▸ Task
What follows is a set of records. Copy them exactly and leave out the images.

━━━

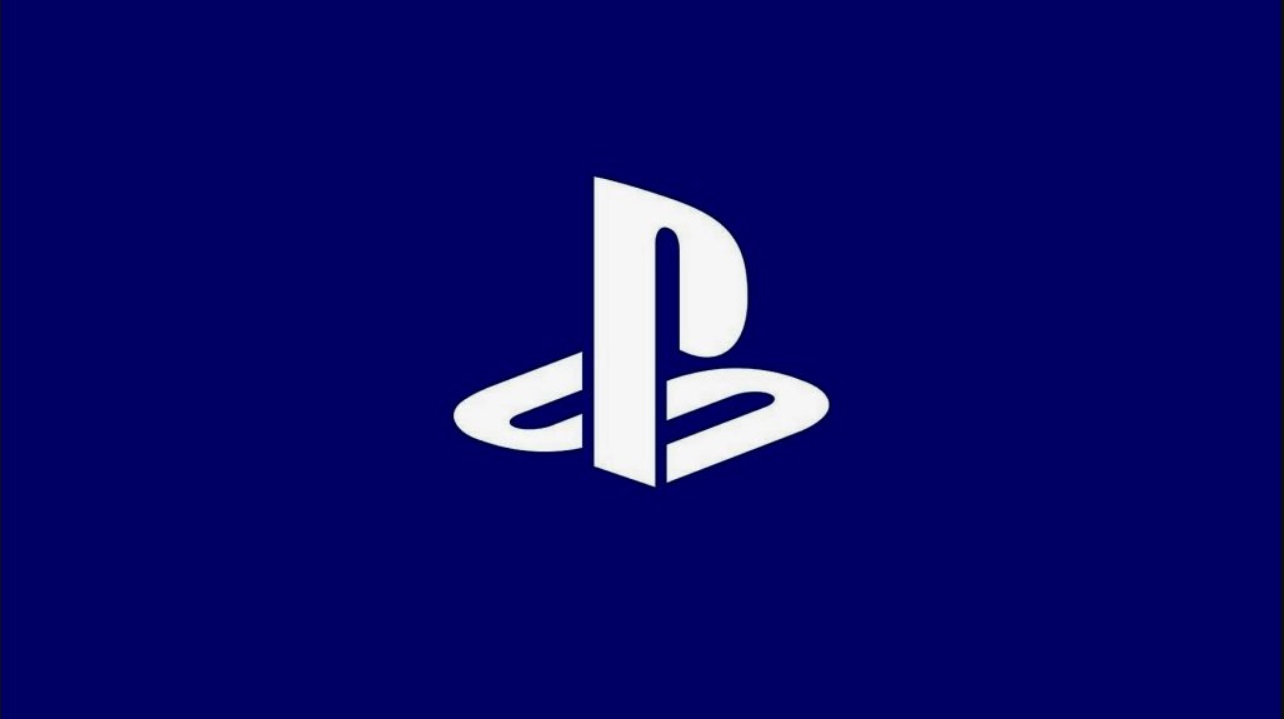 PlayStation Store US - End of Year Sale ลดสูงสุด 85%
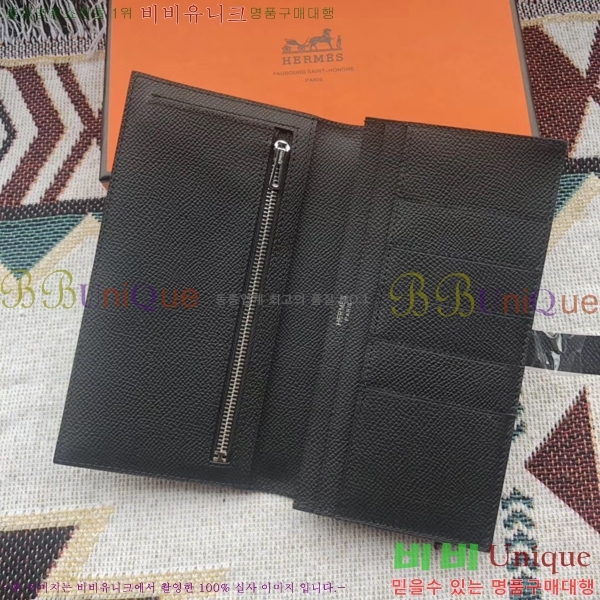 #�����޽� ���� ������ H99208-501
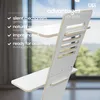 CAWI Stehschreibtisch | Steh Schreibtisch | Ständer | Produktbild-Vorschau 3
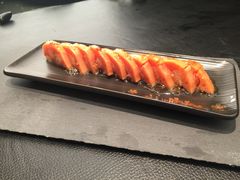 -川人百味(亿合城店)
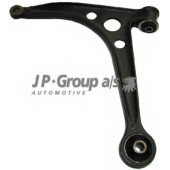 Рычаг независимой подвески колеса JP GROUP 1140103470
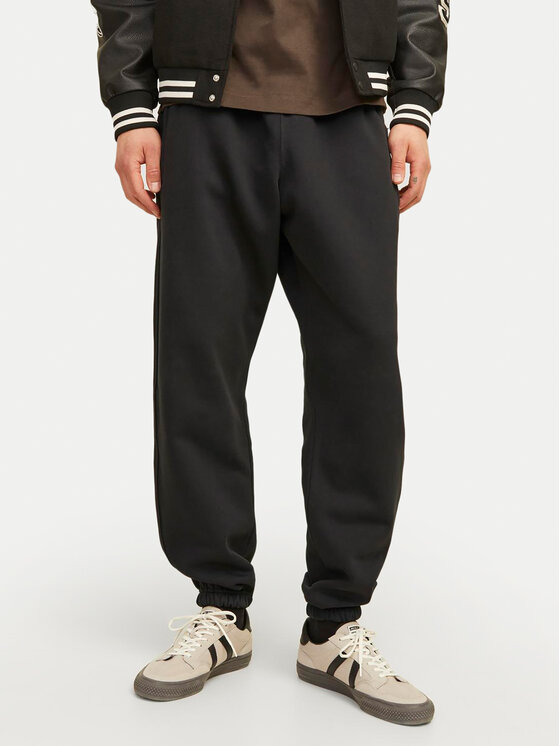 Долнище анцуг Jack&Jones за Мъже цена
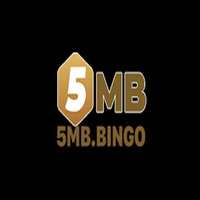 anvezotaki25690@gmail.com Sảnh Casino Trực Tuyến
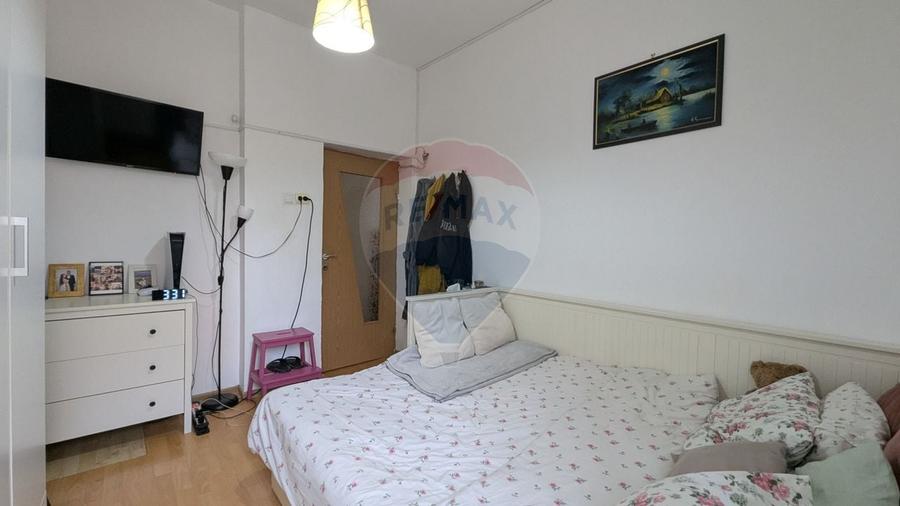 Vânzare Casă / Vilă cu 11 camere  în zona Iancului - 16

━━━

▸ Output for this task
 PlayStation Store US - End of Year Sale ลดสูงสุด 85%
 #�����޽� ���� ������ H99208-501
 CAWI Stehschreibtisch | Steh Schreibtisch | Ständer | Produktbild-Vorschau 3
 -川人百味(亿合城店)
 Рычаг независимой подвески колеса JP GROUP 1140103470
 Долнище анцуг Jack&Jones за Мъже цена
 anvezotaki25690@gmail.com Sảnh Casino Trực Tuyến
 Vânzare Casă / Vilă cu 11 camere  în zona Iancului - 16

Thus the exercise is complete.